San Miguel was also the home of the Mexican revolution. Ignacio Allende, who was born here in 1779, organised the uprising for independence. He was executed in 1811 before independence was gained, but in 1826 the town was re-named San Miguel de Allende in his honour.

In 1938 the Escuola De Bellas Artes was built and in the forties painting classes at the school attracted artists from all over Mexico, the United States and other countries. This high, unpolluted place has a superb light. Writers and other arty types gravitated in the painters’ wake and from the 1950s the Instituto Allende’s Spanish courses have attracted foreign students. But I didn’t see many foreigners – they don’t come south until it is winter up north.

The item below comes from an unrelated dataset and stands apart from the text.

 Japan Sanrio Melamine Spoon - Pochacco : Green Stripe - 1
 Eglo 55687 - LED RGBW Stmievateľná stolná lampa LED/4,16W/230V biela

The San Bernado Hotel (everything possible here was San something) was a joy. An unprepossessing walled exterior presented to the street, but once inside the immense, carved, creaking wooden doors I found a tiled foyer that opened onto a delightful courtyard filled with pots, plants, creepers and a life-sized whimsical statue of a musician complete with guitar. A red-flowered tachoma vine with a trunk like a tree wound up three storeys to cover the flat roof top and pergola. On one side of the courtyard was an extremely high wall covered with creeping vines. A fountain with a pool at its feet was set in the wall. On the other side were guest rooms that opened onto the courtyard on the ground floor or the verandah on the floor above. The courtyard and balconies were surrounded by brick arches in which stood pedestals and embossed earthernware pots that overflowed with bright red and pink geraniums, impatiens and bougainvilleas.

The floor of my second-storey room was tiled, as were half the walls, and inset in the floor tiles, as well as in the roof of the bathroom, were thick, old embossed glass bricks, twelve inches square. You walked on them as well as using them as skylights. On my balcony I had a comfortable chair covered with leather, and an iron garden seat. From the balcony two tiled steps led up to my wooden door with its glass insets, either side of which were wooden framed windows with iron grilles. Inside, my room had fine old carved furniture, a big comfortable bed, reasonable lights and, in the bathroom, the weirdest window– it had an open hole in its centre. At night I stuck a carrier bag over it to keep out the cold.